»»

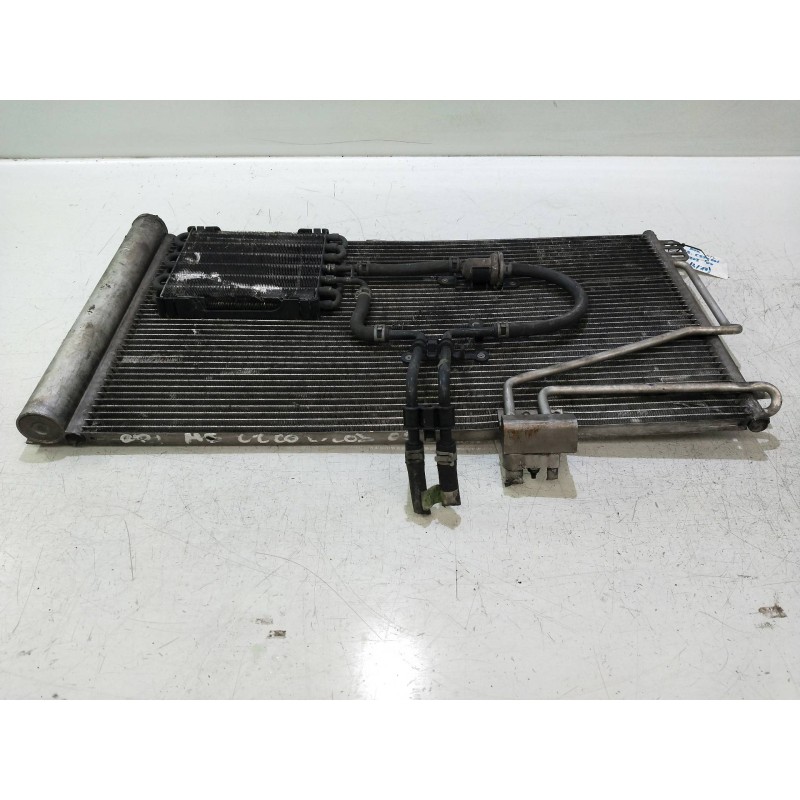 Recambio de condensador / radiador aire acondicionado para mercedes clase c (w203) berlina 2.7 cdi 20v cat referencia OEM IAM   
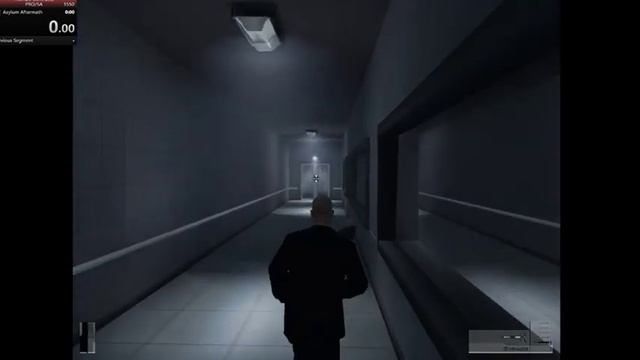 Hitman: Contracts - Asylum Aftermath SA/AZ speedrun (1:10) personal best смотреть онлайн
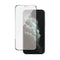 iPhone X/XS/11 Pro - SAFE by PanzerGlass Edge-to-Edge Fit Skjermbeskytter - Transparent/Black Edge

««

WHAT TO DO. Pictures are to be left out; repeat all the remaining data exactly.

REPLY TO THE EXERCISE.
 Recambio de condensador / radiador aire acondicionado para mercedes clase c (w203) berlina 2.7 cdi 20v cat referencia OEM IAM   
 Hitman: Contracts - Asylum Aftermath SA/AZ speedrun (1:10) personal best смотреть онлайн
 iPhone X/XS/11 Pro - SAFE by PanzerGlass Edge-to-Edge Fit Skjermbeskytter - Transparent/Black Edge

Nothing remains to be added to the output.